The first time I read that in 0.8 I had to write a test program just to make sure this was not some sort of funny C compiler. It should say 8 bytes and is the same as the above example so could be deleted.

PTX manual:

  • all examples thoughout section 5.3 show initialization of variables from .shared or .local state space, which is wrong as these state spaces do not allow that

  • the statement in section 5.3.1 “texture variables do not have a type” and the examples in section 5.1.8 are wrong. ptxas does not accept .tex without type

  • section 6.4.5 mentions immediate value operands. To avoid confusion to the programmer, it should also state that the ALUs are big endian format.

  • section 7.7.5 is not fully documented

  • section 7.7.6: what is the difference between ret at toplevel and exit? Why is there no exit.uni ?

Peter

This one I don’t understand not being reported earlier… in section 5.2 of the guide the formula “R / (B * ceil(T, 32)” should read “R / (B * ceil(T, 64)” found as soon as I tried benchmarking real code. Checked for 1, 3, and 5 warp blocks. This first appeared in the 0.81 manual - perhaps it is only broken for the 64 bit driver that I am using.

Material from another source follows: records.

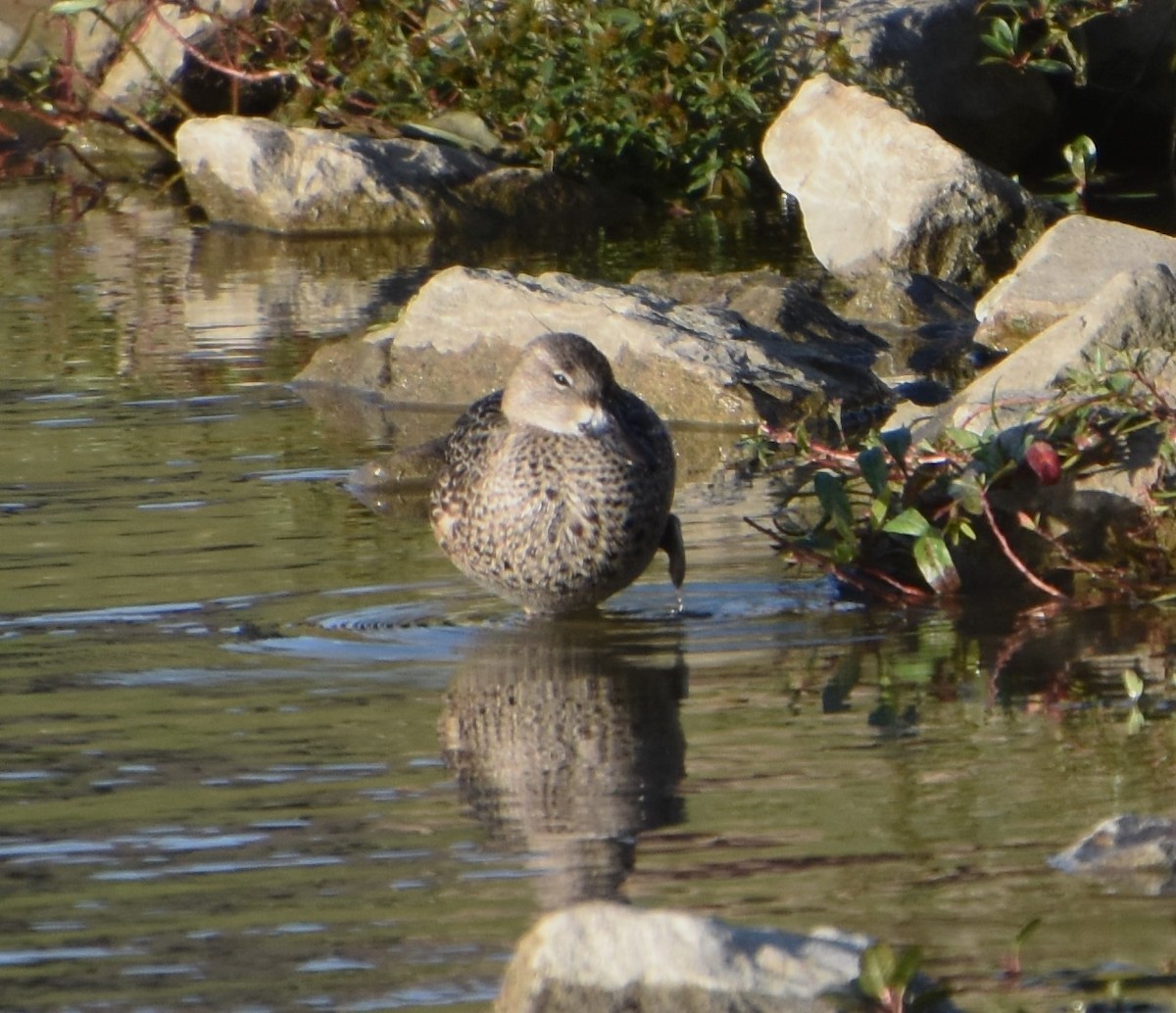 Blue-winged Teal - ML609675192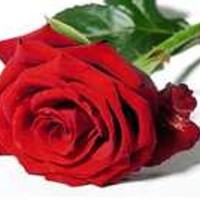 Ruffo López Aragón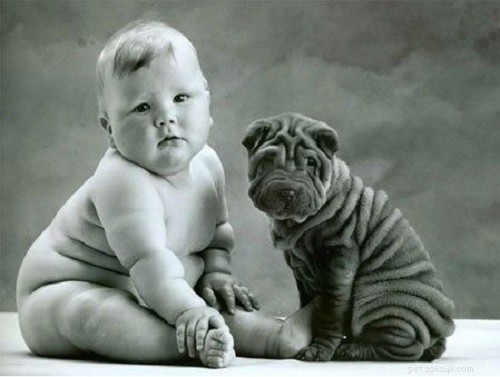 Chinese Shar-Pei Dog Behavior: Training, Traits, and Apartment Living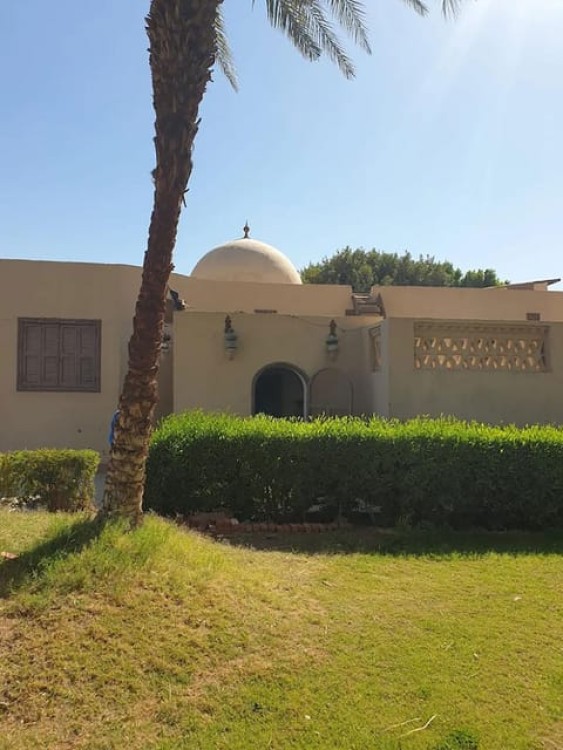 Luxor: Tour Howard Carter House & Valley of the kings | ®ExcursionMania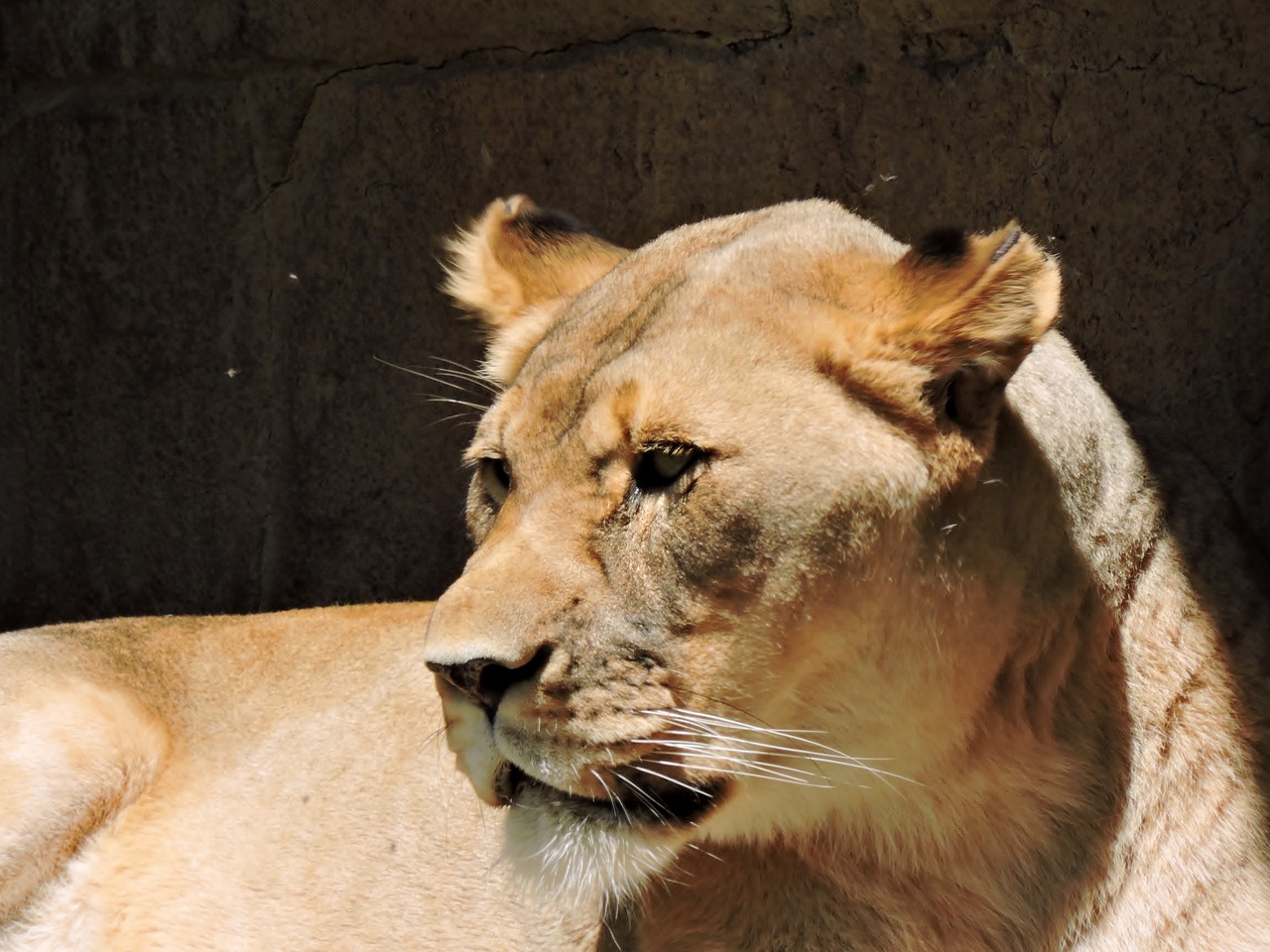 lion female nature free photo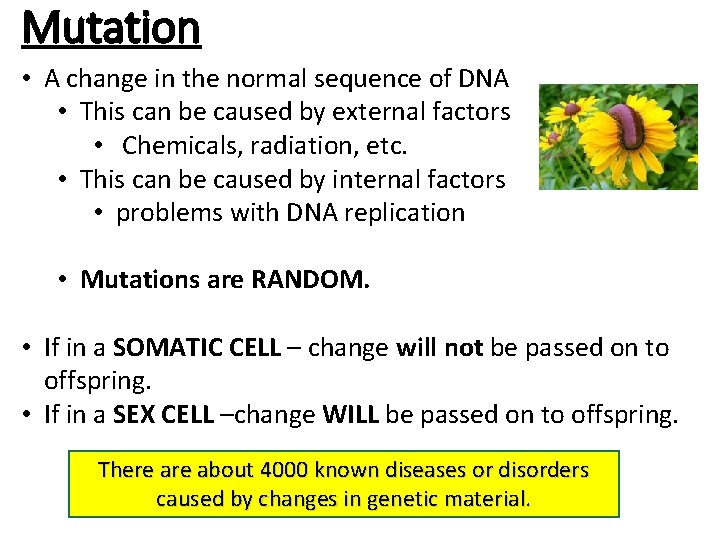 Mutation • A change in the normal sequence of DNA • This can be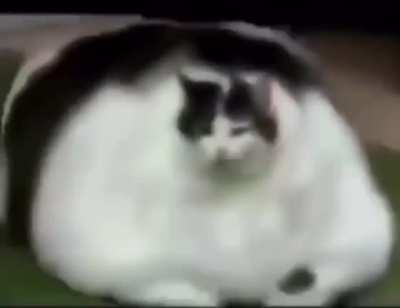 big cat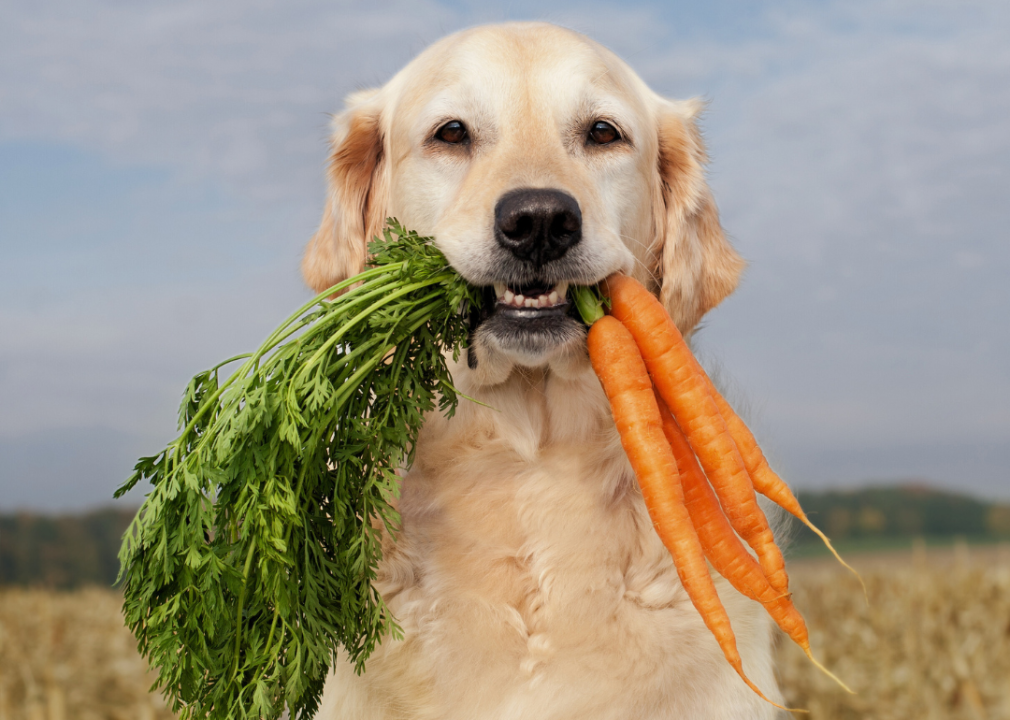 The history of dog food and nutrition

It is not as much a bug in de documentation, but it deserves an annotation in bold red letters in the programming guide as far as I’m concerned:

When using a texture to exploit the linear interpolation capacity and the caching of CUDA, the coordinates used to read information from the texture are not the exact coordinates in the CUDA array. For example, when you configure linear interpolation for texture fetches and you write a value to index 2 of your CUDA array, reading it using tex1D(texture, 2.0f) will return the linear interpolation between index 1 of the CUDA array and index 2 of the CUDA array instead of the value at index 2 of the CUDA array.

This may seem usual to every-day graphics users, but it may be nice to mention it explicitly for the other programmers using CUDA.

Btw. Section F2 on page 111 of Programming Guide 1.0 says: ‘Figure F-2 illustrates nearest-point sampling for a one-dimensional texture with N=4’, but it should be ‘Figure F-2 illustrates linear filtering for a one-dimensional texture with N=4’.